--- Supplied material ---
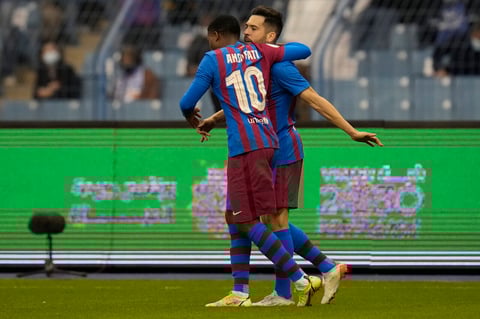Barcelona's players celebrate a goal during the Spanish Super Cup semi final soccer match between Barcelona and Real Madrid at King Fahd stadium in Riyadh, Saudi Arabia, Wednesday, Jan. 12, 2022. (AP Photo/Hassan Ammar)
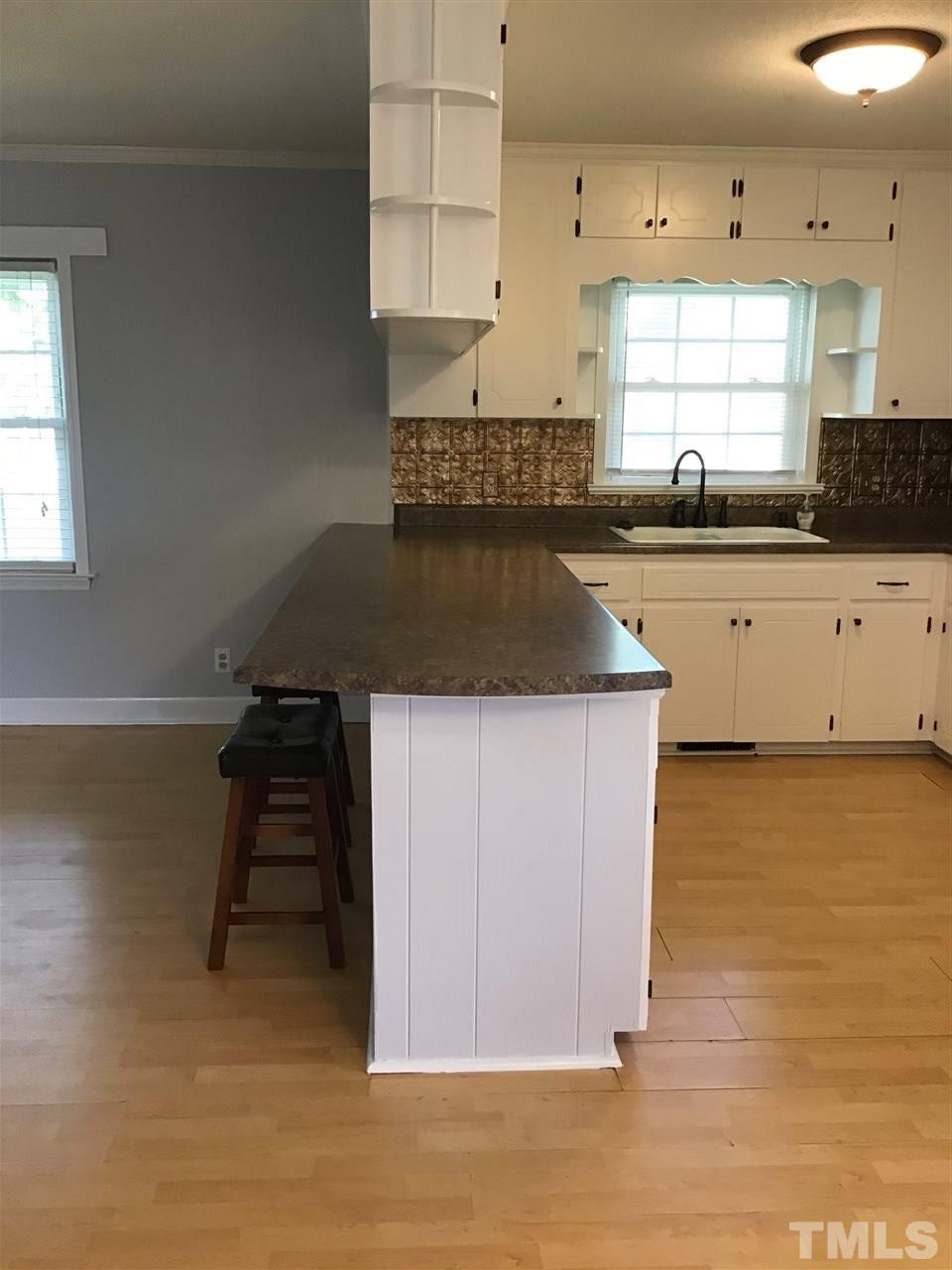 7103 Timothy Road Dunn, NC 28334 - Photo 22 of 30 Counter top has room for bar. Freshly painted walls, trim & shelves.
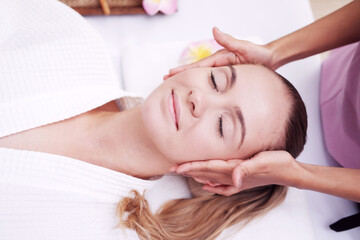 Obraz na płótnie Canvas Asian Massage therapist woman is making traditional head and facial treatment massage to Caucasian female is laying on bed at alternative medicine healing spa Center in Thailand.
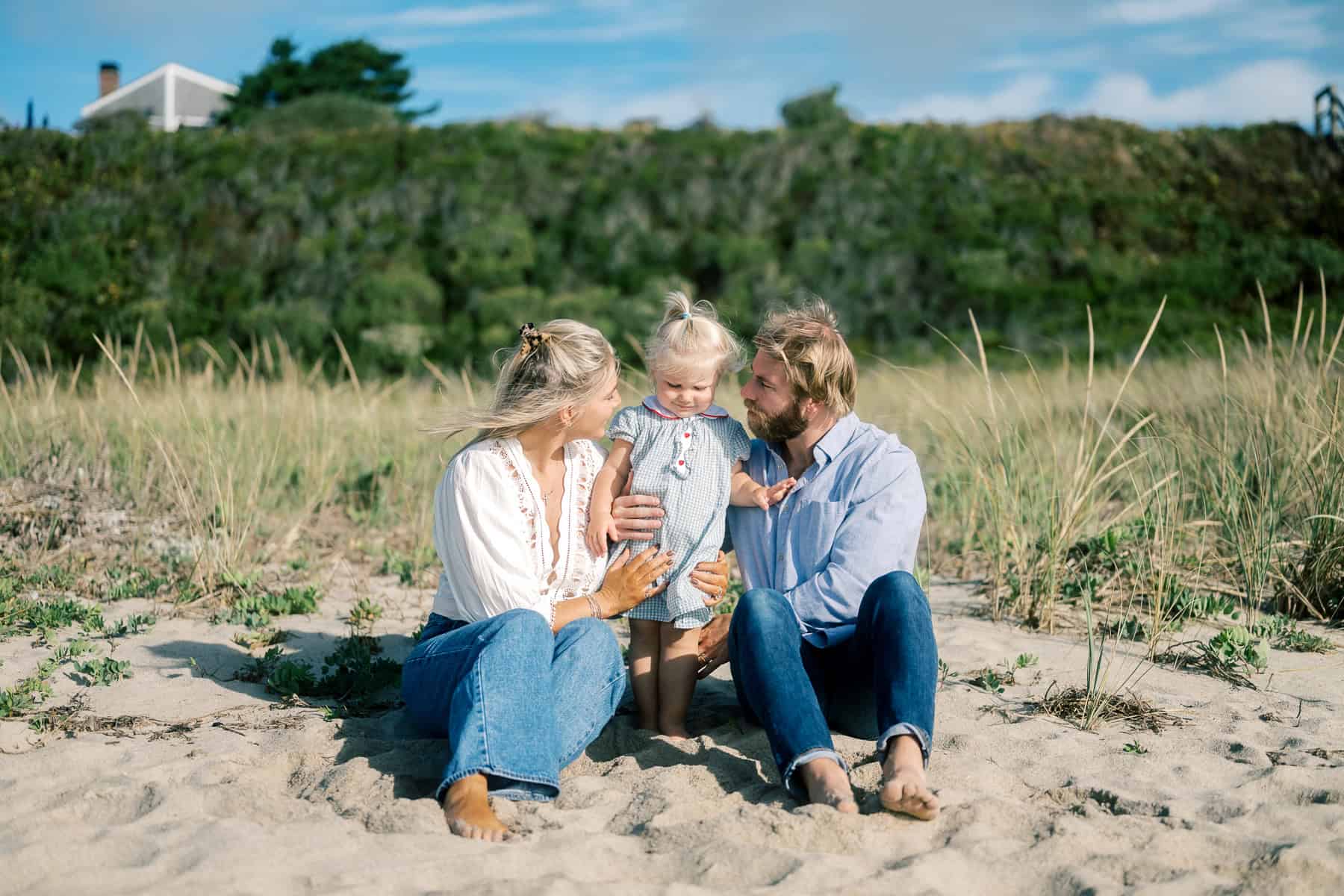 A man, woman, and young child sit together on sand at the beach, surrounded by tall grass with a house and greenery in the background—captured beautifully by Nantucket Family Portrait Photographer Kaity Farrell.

--- The problem ---
Reproduce the opening lines of the material above exactly, ending with the line that contains "7103 Timothy Road". Omit every picture.

--- Solved problem ---
Barcelona's players celebrate a goal during the Spanish Super Cup semi final soccer match between Barcelona and Real Madrid at King Fahd stadium in Riyadh, Saudi Arabia, Wednesday, Jan. 12, 2022. (AP Photo/Hassan Ammar)
 7103 Timothy Road Dunn, NC 28334 - Photo 22 of 30 Counter top has room for bar. Freshly painted walls, trim & shelves.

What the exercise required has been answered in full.